Congress' latest job approval reading, based on Gallup interviewing conducted June 7-10, is modestly higher than the all-time low of 10% recorded in February. Similarly, disapproval of Congress, now at 79%, is the same as in May, and not far below the record-low 86% recorded in February, and in December 2011.
Congressional job approval has generally been low for years, with readings as low as 18% in the summer of 2007 and 14% in July 2008. It did improve in 2009, as Barack Obama entered his initial "honeymoon" phase as president, with his own job approval ratings in the 60% range. In March 2009, Congress' job approval reached 39%, the highest it had been since February 2005. But that period of relative positivity did not last, and in 2010, 2011, and so far this year, Congress' approval ratings have routinely been below 20%. Approval of Congress has averaged 14% so far in 2012.
Congress faces many highly significant issues this year, focusing mainly on the "fiscal cliff" that will force major cuts in defense and entitlement spending in January, and the pending elimination of all of the Bush tax cuts if no action is taken by the end of the year. Given that this is an election year, it is probable that Congress will wait until after Nov. 6 to take real action on any of these concerns, lowering the chances that Americans' ratings of Congress will go significantly higher in the interim.

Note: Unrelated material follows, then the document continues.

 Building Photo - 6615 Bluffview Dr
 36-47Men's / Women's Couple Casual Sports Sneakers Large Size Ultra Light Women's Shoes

Congress approval remains generally similar across party lines, with 20% of Democrats approving, compared with 16% of independents and 17% of Republicans. This relative parity in approval reflects the currently divided nature of Congress, with the Democrats controlling the Senate, and Republicans, the House. When one party controls both houses, those who identify with that party are generally significantly more positive than those who identify with the other party.
Congress approval remains slightly higher than its all-time low of 10% recorded in February, but at 17% is certainly at the low end of its historical distribution. Given the divided nature of Congress, it is not clear how voters will take out their disappointment in Congress on their elected representatives on Election Day. Approval is slightly lower now than it was just before the 2010 congressional elections, in which Americans sent many incumbents home and flipped control of the House from the Democrats to the Republicans.
President Obama recently criticized Congress for not passing his jobs bill, which suggests that he and his campaign team have decided to use Congress as a foil to displace voter blame for the bad economy and employment situation. This, along with the probability that Congress will not take any meaningful actions before the elections, likely ensures that congressional job approval will remain in the current low territory in the months ahead.
Regardless, few would argue that it is an optimal state of affairs when about eight in 10 Americans disapprove of the way their elected representatives are handling their jobs.
Results for this Gallup poll are based on telephone interviews conducted June 7-10, 2012, with a random sample of 1,004 adults, aged 18 and older, living in all 50 U.S. states and the District of Columbia.
For results based on the total sample of national adults, one can say with 95% confidence that the maximum margin of sampling error is ±4 percentage points.
Interviews are conducted with respondents on landline telephones and cellular phones, with interviews conducted in Spanish for respondents who are primarily Spanish-speaking. Each sample includes a minimum quota of 400 cell phone respondents and 600 landline respondents per 1,000 national adults, with additional minimum quotas among landline respondents by region. Landline telephone numbers are chosen at random among listed telephone numbers. Cell phone numbers are selected using random-digit-dial methods. Landline respondents are chosen at random within each household on the basis of which member had the most recent birthday.
Samples are weighted by gender, age, race, Hispanic ethnicity, education, region, adults in the household, and phone status (cell phone only/landline only/both, cell phone mostly, and having an unlisted landline number). Demographic weighting targets are based on the March 2011 Current Population Survey figures for the aged 18 and older non-institutionalized population living in U.S. telephone households. All reported margins of sampling error include the computed design effects for weighting and sample design.
In addition to sampling error, question wording and practical difficulties in conducting surveys can introduce error or bias into the findings of public opinion polls.